Free Riding

Taking a cue from the publisher, Amazon.com reports:

[Richard] Tuck presents a bold challenge to the skeptical account of social
cooperation so widely held today.  If accepted, his argument may over
time encourage more public-spirited behavior.

Richard Tuck, of course, is a Professor of Government and Harvard and a historian of early modern political thought.  This book has many complicated philosophic arguments, here are bites of three of them:

1. If your cooperative behavior adds positively to a Sorites problem ("how many stones make a pile?"), it can be rational for a self-interested person to see good reason to contribute.

2. Under a properly sophisticated theory of causality (with or without Sorites), you might see your contribution as helping to cause a good end to come about, even if your contribution is not "necessary" for the good end to occur.  The phrase "pre-emptive cooperation" is used.

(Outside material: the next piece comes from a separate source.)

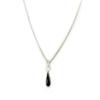 Altesse [L5372] - Black 'Scarlett' Silver Necklace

3. Rule rather than act utilitarianism often has (rational) force on people’s behavior.

Since there is more cooperation than standard models would predict, we can’t dismiss these arguments, which by the way are used to claim that standard economic reasoning is historically contingent.  By the end of the book we are told that perfect competition may operate as oligopoly and that — don’t be surprised — more government may be both necessary and desirable.   

Think of this as a kind of verbal game theory, written for people who won’t read technical game theory or formulate a precise solution concept.  I don’t think this looser approach is always worse, though the exposition could have been more to the point.